Na quarta-feira da semana passada morreu Luiz Carlos Carneiro, o vulgo Caio. Meu professor no segundo ano do segundo grau, marcou minha vida devido ao seu jeito maldito e irreverente de ser. Caio usava calças de linho, colete e All Star nos pés.
Usava óculos que disfarçavam os seus olhos carrancudos e tinha cabelos negros e oleosos que pendiam por sobre a sua testa.
Caio foi o maior professor que já tive e uma das pessoas mais intrigantes e sensacionais que já conheci. Desde o primeiro dia de aula me fascinava o seu rancor para com o mundo e sua língua mais do que afiada. Vociferava impropérios e xingamentos contra todos. Caio era um homem “maldito”; um historiador e um professor da vida.
Caio, por mais que estivéssemos perto do Vestibular, jamais nos ensinou História tradicional. Jamais mencionou grandes feitos ou grandes nomes do passado. Caio dizia que deveríamos aprender sobre a vida, pois caso não o fizéssemos, acabaríamos trabalhando como cobradores do ônibus Otto.

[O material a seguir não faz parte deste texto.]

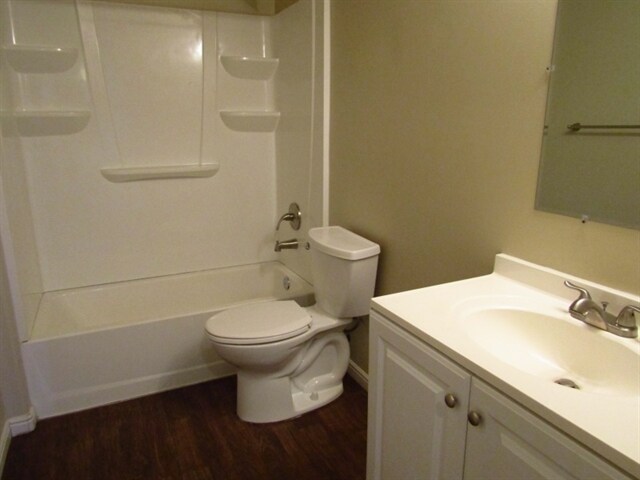 Building Photo - 32 E 2200 S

Ninguém melhor do que Caio para ensinar sobre a vida. Caio exalava contradições e ideais. Não tinha ídolos, era um verdadeiro iconoclasta.
Tínhamos dois períodos de aula com o Caio por semana, os dois primeiros da segunda-feira. Eu era sempre o primeiro a chegar, pois gostava de ouvir as primeiras palavras malditas do saudoso mestre. Caio sentava-se e começava a contar alguma história que tinha passado no ônibus.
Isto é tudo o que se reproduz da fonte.